• _To do_
From the line holding "Gallery image thumbnail" to the final line below, restate each line word for word and add nothing.

(Caption-style text data)
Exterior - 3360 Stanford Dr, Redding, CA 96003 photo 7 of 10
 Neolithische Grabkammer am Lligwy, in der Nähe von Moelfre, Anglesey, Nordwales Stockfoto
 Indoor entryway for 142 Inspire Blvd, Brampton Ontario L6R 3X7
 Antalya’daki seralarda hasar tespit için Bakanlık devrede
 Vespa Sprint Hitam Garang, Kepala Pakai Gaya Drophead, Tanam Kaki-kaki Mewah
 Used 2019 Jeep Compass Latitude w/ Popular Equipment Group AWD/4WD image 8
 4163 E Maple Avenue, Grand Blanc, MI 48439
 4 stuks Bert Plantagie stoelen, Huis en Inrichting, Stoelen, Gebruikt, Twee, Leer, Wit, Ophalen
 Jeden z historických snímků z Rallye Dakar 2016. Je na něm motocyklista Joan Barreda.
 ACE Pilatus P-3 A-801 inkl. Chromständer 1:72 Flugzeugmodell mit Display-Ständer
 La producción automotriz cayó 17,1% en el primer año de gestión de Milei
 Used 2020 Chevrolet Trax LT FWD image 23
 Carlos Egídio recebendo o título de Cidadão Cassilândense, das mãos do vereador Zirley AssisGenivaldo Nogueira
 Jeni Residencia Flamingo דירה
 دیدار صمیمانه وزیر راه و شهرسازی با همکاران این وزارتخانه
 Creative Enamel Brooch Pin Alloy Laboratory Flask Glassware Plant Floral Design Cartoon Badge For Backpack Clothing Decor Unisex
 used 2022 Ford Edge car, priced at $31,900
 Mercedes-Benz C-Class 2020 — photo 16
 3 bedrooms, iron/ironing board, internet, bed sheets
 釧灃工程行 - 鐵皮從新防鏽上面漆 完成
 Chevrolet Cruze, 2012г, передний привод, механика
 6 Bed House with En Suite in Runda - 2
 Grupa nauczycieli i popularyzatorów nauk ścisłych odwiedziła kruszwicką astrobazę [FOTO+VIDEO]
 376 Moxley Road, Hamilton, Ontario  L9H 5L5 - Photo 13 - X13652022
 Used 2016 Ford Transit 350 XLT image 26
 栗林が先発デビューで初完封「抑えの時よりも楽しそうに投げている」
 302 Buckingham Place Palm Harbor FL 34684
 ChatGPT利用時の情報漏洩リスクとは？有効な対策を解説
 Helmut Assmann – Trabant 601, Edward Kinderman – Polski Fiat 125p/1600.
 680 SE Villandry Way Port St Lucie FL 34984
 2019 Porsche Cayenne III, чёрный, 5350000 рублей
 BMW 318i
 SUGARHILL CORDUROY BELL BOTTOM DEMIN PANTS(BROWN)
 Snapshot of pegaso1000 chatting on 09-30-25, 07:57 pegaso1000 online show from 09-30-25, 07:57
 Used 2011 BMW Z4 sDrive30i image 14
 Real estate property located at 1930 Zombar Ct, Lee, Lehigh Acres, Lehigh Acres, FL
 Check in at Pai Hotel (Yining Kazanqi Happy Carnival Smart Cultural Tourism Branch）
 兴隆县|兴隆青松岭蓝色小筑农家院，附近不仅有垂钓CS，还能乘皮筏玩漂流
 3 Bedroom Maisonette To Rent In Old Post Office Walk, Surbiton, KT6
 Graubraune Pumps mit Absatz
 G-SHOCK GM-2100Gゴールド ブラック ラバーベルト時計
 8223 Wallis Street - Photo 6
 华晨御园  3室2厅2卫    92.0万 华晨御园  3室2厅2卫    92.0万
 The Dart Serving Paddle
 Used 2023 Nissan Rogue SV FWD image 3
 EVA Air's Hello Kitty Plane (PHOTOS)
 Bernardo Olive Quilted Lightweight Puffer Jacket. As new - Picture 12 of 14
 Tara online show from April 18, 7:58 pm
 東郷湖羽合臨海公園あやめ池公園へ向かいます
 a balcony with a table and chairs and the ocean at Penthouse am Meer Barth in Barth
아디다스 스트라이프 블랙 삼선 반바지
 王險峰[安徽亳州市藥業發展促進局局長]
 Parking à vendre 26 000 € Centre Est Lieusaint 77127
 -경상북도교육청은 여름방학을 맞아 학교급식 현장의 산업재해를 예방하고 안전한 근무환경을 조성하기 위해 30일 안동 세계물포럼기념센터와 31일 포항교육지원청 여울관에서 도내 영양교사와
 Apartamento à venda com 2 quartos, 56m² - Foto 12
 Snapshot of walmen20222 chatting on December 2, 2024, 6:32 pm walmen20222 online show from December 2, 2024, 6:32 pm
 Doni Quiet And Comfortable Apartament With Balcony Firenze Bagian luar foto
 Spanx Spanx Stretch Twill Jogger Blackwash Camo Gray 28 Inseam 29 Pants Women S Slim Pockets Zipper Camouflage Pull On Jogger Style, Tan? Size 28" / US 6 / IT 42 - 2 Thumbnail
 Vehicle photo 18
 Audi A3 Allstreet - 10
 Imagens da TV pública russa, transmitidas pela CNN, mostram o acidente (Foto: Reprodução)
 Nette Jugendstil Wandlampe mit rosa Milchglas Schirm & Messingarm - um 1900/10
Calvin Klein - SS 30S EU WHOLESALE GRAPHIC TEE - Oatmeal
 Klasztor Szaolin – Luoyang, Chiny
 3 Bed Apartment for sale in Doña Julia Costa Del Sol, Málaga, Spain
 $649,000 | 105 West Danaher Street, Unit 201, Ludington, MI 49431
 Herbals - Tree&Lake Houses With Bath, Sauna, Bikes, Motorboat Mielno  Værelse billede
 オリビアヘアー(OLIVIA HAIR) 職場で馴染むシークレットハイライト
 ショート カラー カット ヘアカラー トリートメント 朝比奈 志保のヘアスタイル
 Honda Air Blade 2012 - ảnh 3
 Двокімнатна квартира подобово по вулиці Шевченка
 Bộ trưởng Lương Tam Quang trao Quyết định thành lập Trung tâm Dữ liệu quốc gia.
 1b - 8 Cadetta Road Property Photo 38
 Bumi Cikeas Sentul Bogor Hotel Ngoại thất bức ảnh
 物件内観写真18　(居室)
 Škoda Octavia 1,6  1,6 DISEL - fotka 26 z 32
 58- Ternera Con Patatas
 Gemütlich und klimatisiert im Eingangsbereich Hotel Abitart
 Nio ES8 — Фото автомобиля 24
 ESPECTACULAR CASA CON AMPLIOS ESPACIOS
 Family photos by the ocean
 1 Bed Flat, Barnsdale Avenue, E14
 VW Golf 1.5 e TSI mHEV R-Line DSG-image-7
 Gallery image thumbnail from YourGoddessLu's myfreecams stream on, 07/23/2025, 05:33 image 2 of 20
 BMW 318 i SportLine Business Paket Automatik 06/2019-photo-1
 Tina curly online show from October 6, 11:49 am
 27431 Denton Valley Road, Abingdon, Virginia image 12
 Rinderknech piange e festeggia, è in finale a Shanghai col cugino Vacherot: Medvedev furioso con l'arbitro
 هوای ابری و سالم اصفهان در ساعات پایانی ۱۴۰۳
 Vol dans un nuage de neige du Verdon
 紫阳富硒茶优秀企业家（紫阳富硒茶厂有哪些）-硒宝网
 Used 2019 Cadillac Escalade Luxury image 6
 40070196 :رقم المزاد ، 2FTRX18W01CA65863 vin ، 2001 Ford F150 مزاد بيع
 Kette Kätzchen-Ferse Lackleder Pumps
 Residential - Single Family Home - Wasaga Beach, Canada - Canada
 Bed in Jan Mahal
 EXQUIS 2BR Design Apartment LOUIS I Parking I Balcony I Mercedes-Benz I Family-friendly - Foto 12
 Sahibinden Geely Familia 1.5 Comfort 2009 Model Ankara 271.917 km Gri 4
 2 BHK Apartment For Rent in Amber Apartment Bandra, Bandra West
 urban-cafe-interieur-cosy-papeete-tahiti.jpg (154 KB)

• _Written solution_
 Gallery image thumbnail from YourGoddessLu's myfreecams stream on, 07/23/2025, 05:33 image 2 of 20
 BMW 318 i SportLine Business Paket Automatik 06/2019-photo-1
 Tina curly online show from October 6, 11:49 am
 27431 Denton Valley Road, Abingdon, Virginia image 12
 Rinderknech piange e festeggia, è in finale a Shanghai col cugino Vacherot: Medvedev furioso con l'arbitro
 هوای ابری و سالم اصفهان در ساعات پایانی ۱۴۰۳
 Vol dans un nuage de neige du Verdon
 紫阳富硒茶优秀企业家（紫阳富硒茶厂有哪些）-硒宝网
 Used 2019 Cadillac Escalade Luxury image 6
 40070196 :رقم المزاد ، 2FTRX18W01CA65863 vin ، 2001 Ford F150 مزاد بيع
 Kette Kätzchen-Ferse Lackleder Pumps
 Residential - Single Family Home - Wasaga Beach, Canada - Canada
 Bed in Jan Mahal
 EXQUIS 2BR Design Apartment LOUIS I Parking I Balcony I Mercedes-Benz I Family-friendly - Foto 12
 Sahibinden Geely Familia 1.5 Comfort 2009 Model Ankara 271.917 km Gri 4
 2 BHK Apartment For Rent in Amber Apartment Bandra, Bandra West
 urban-cafe-interieur-cosy-papeete-tahiti.jpg (154 KB)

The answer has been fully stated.